Tags/Search/Lineage
Search#
Hopsworks supports free-text search to discover machine-learning assets:
- features
- feature groups
- feature views
- training data
You can use the search bar at the top of your project to free-text search for the names or descriptions of any ML asset. You can also search using keywords or tags that are attached to an ML asset.
You can search for assets within a specific project or across all projects in a Hopsworks deployment, including those you are not a member of. This allows for easier discoverability and reusability of assets within an organization. To avoid users gaining unauthorized access to data, if a search result is in a project you are not a member of, the information displayed is limited to: names, descriptions, tags, asset creator and create date. If the search result is within a project you are a member of, you are also able to inspect recent activities on the asset as well as statistics.
Tags#
A keyword is a single user-defined word attached to an ML asset. Keywords can be used to help it make it easier to find ML assets or understand the context in which they should be used, for example, PII could be used to indicate that the ML asset is based on personally identifiable information.

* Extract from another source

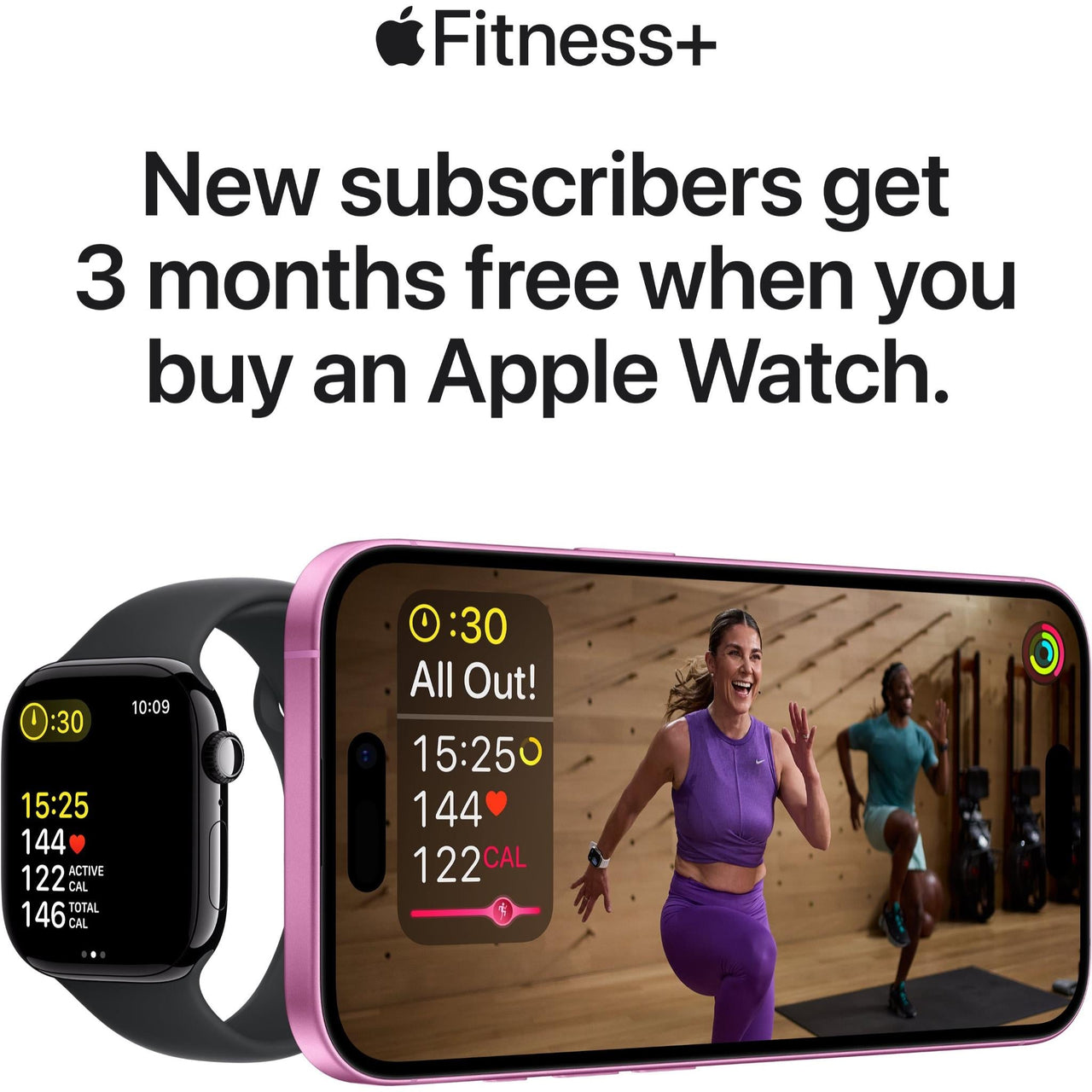 Refurbished Apple Watch Series 10 46mm - Black (LIKE NEW)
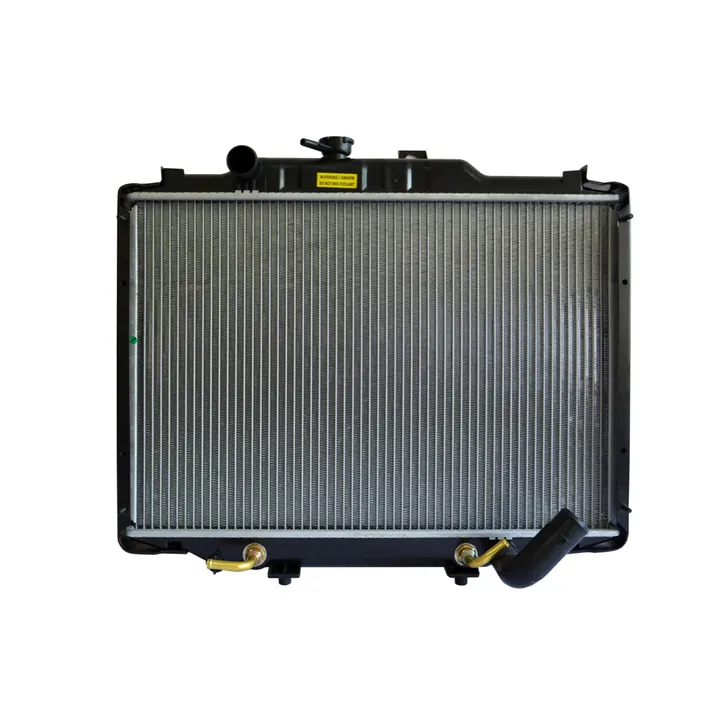 Радиатор охлаждения двигателя Gerat GERAT MS-109/3R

However, it may be preferable to have a stronger governance framework for ML assets than keywords alone. For this, you can define a schematized tag, defining a list of key/value tags along with a type for a value. In the figure below, you can see an example of a schematized tag with two key/value pairs: pii of type boolean (indicating if this feature group contains PII data), and owner of type string (indicating who the owner of the data in this feature group is). Note there is also a keyword defined for this feature group called eu_region, indicating the data has its origins in the EU.
Lineage#
Hopsworks tracks the lineage (or provenance) of ML assets automatically for you. You can see what features are used in which feature view or training dataset. You can see what training dataset was used to train a given model. For assets that are managed outside of Hopsworks, there is support for the explicit definition of lineage dependencies.